* [What to produce]: Copy the records below exactly, leaving out every picture.

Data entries
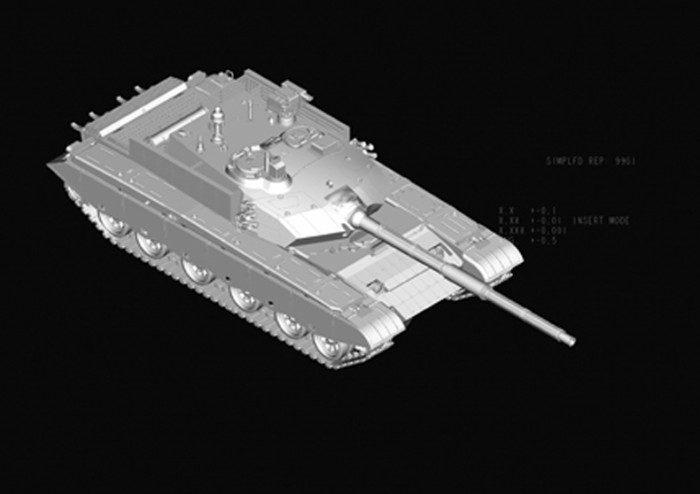 HobbyBoss 82440 1/35 Scale ZTZ 99B Main Battle Tank Plastic MBT Assembly Model Kits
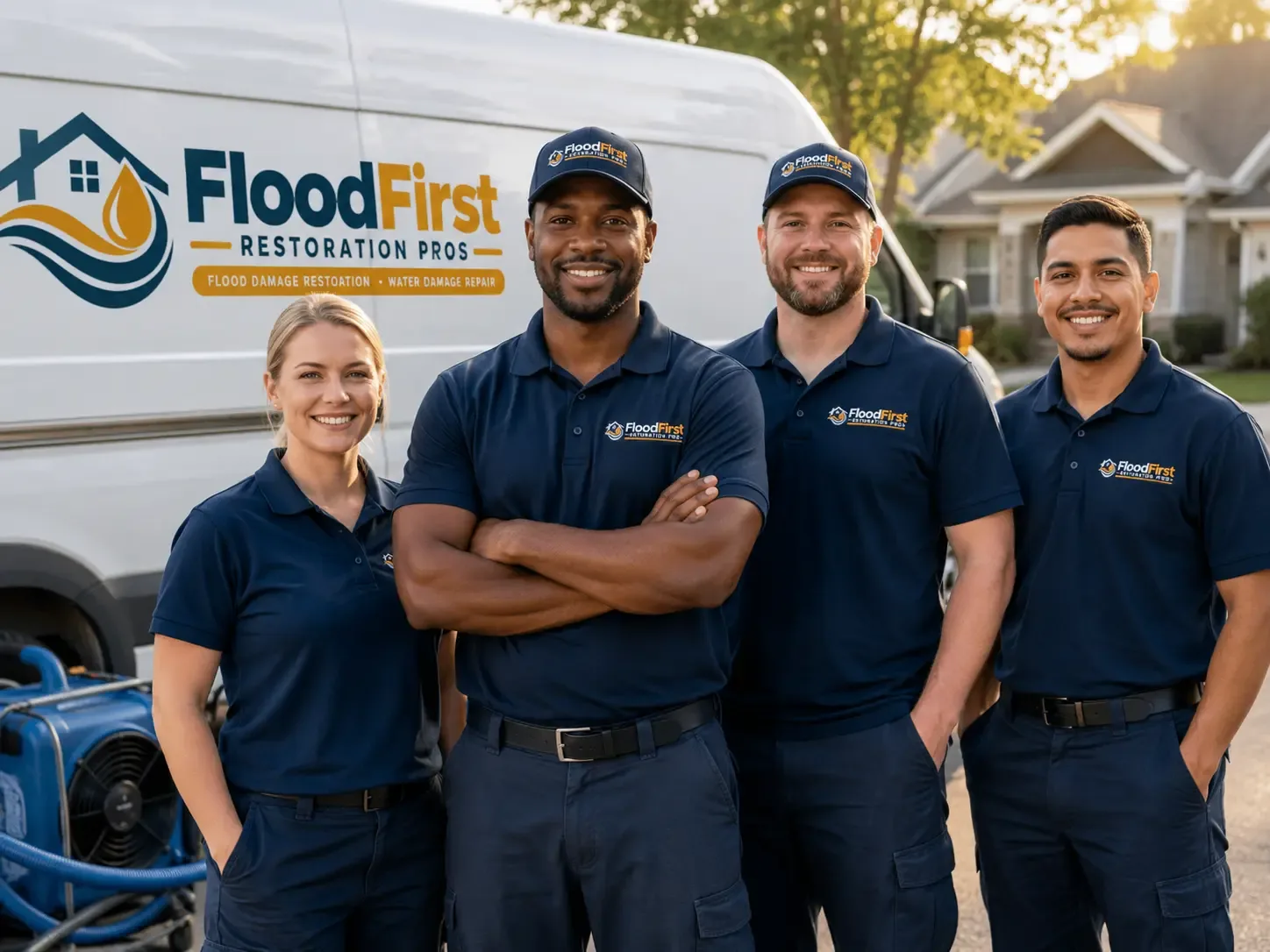 Flood Damage Restoration company in Weiner, AR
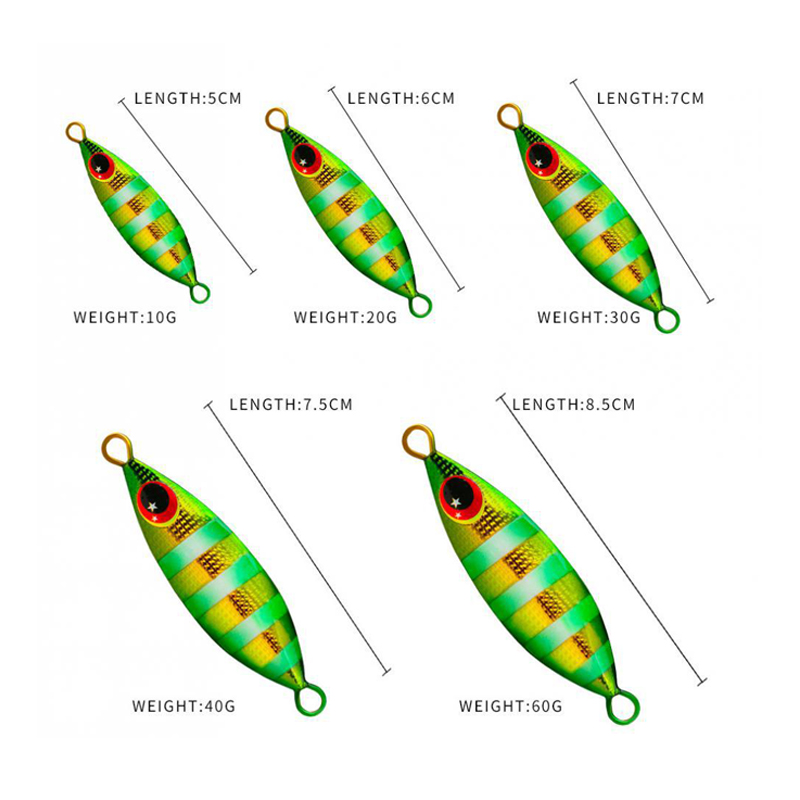 Metal Slow Jig Lure Hard Artif - Fishing Equipment For Trout avis et prix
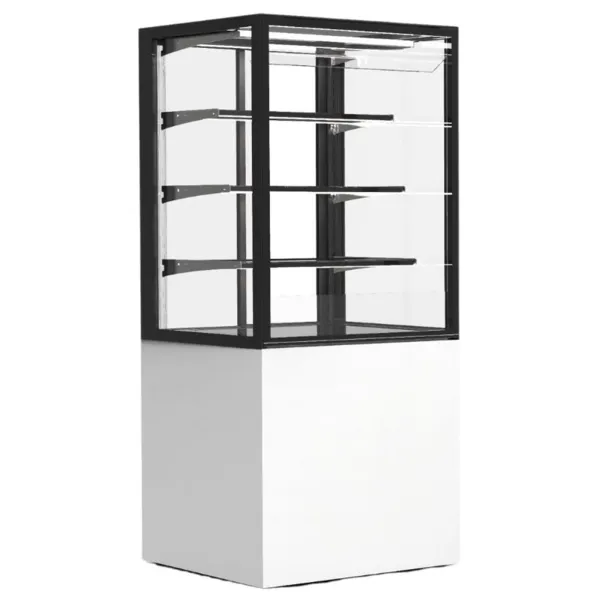 Vitrine Neutre Libre Service - Integra Base 60 - H 1400 mm - Zone 815 mm
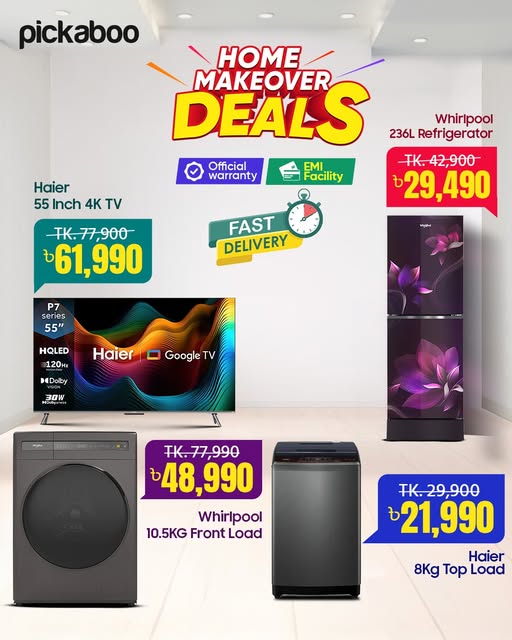 Upgrade your home with top appliances at unbeatable prices!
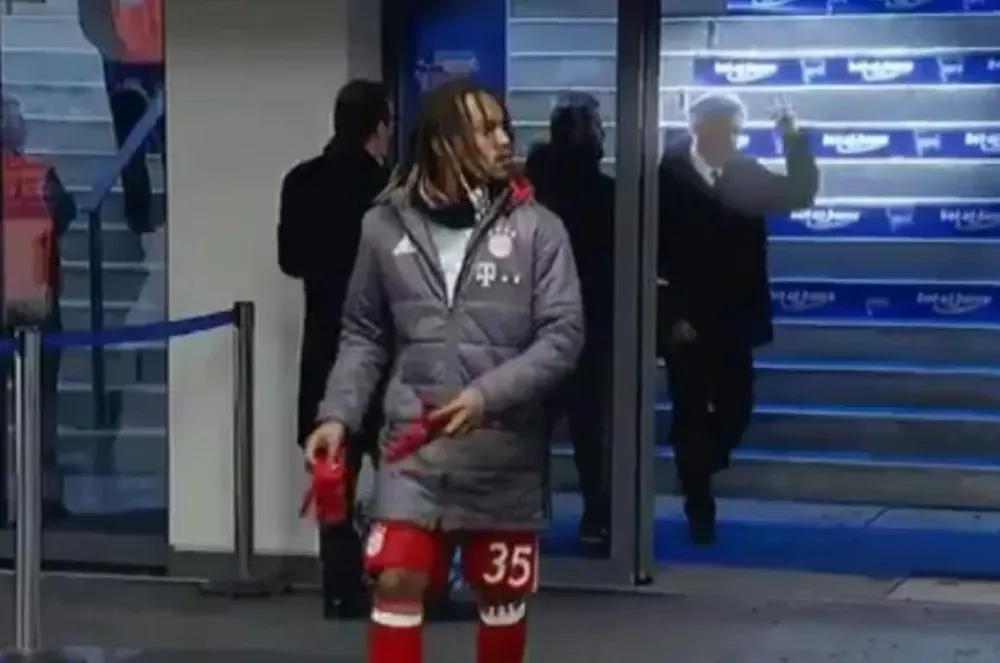 El gesto de Ancelotti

* [Answer section]:
 HobbyBoss 82440 1/35 Scale ZTZ 99B Main Battle Tank Plastic MBT Assembly Model Kits
 Flood Damage Restoration company in Weiner, AR
 Metal Slow Jig Lure Hard Artif - Fishing Equipment For Trout avis et prix
 Vitrine Neutre Libre Service - Integra Base 60 - H 1400 mm - Zone 815 mm
 Upgrade your home with top appliances at unbeatable prices!
 El gesto de Ancelotti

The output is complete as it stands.